Participation in the decision-making process

Mental health patients in Simmons-Elmes’ [25] study felt more involved in decision-making after using the decision aid, based on an 11-item SDM Questionnaire, using on a 4-point Likert scale, with scores ranging between 11 and 44. In their study, participation scores ranged from 29 to 44 (mean=37.4, SD=4.30). Likewise, Simmons-Batchelor [26] found a mean participation score of 5.46 (SD=0.59) in the intervention group of youth mental health patients, compared to 4.13 in the control group (SD=0.83, p<0.001). Results from the study by El Miedany [27] in juvenile idiopathic arthritis patients showed a similar pattern on three aspects of patient involvement. First, 70% of the intervention group reported being more involved by the clinician compared to 30% of the control group (RD=40%, p<0.01). Second, 88% of the intervention group indicated they were involved in the treatment decision-making process vs. 38% of the control group (RD=50%, no precision measure stated). Third, 89% of the intervention group reported that they reached an agreement together with their clinician about how to proceed with treatment compared to 41% of the control group (RD=48%, p<0.01).

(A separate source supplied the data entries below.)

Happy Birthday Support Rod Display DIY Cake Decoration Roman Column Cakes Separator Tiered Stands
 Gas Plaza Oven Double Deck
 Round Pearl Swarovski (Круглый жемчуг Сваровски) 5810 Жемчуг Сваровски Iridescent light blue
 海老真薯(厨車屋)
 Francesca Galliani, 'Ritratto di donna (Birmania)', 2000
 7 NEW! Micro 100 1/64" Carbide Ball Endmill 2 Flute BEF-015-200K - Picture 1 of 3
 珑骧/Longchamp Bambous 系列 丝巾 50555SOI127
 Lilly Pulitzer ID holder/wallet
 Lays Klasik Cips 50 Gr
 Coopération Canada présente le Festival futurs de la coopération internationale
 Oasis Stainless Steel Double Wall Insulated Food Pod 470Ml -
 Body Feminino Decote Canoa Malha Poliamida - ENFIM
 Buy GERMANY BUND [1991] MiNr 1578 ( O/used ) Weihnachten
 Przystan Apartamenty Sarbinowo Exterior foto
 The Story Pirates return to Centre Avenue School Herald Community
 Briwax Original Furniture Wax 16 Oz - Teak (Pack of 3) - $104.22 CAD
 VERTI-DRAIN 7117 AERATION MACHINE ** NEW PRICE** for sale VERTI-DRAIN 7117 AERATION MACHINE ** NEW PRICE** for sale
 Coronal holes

Overall results from Simmons-Elmes and Simmons-Batchelor indicate that SDM helped increase the level of participation in treatment decision-making [25, 26]. Results from El Miedany also indicated that SDM helped increase the level of participation regarding how to proceed with that particular treatment [27] (Fig. 5).

Knowledge

Simmons-Elmes showed that use of their SDM toolkit made children suffering from mental health problems more knowledgeable about the disease, which facilitated their decision-making (97% vs. 79%; p=0.022) compared to clinical encounters without use of the decision aid, resulting in improved adherence to depression treatment (93% vs. 70% without the decision aid; p=0.004).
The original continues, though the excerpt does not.